## [DIRECTIONS FOR THIS TASK]
A line below contains "Galeria - zdjęcie", and a later one contains "g2r-2-sndi-24vdc-s Omron Plug". Repeat both, with every line between them, exactly.

## [RECORDS FOR THIS EXERCISE]
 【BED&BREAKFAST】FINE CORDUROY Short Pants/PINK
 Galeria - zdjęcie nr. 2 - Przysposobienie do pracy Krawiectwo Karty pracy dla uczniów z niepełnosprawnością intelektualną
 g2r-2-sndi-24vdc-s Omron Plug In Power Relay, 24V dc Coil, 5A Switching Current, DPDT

---

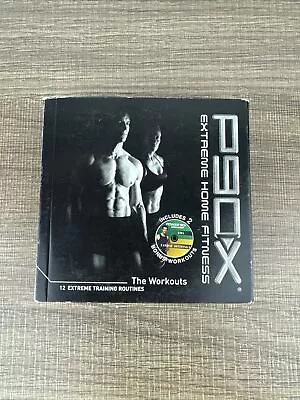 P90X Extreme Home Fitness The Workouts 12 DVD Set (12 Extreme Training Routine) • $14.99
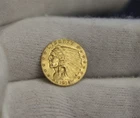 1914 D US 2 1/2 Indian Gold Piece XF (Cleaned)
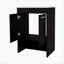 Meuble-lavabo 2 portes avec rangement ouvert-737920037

## [RESULT OF THE EXERCISE]
 Galeria - zdjęcie nr. 2 - Przysposobienie do pracy Krawiectwo Karty pracy dla uczniów z niepełnosprawnością intelektualną
 g2r-2-sndi-24vdc-s Omron Plug In Power Relay, 24V dc Coil, 5A Switching Current, DPDT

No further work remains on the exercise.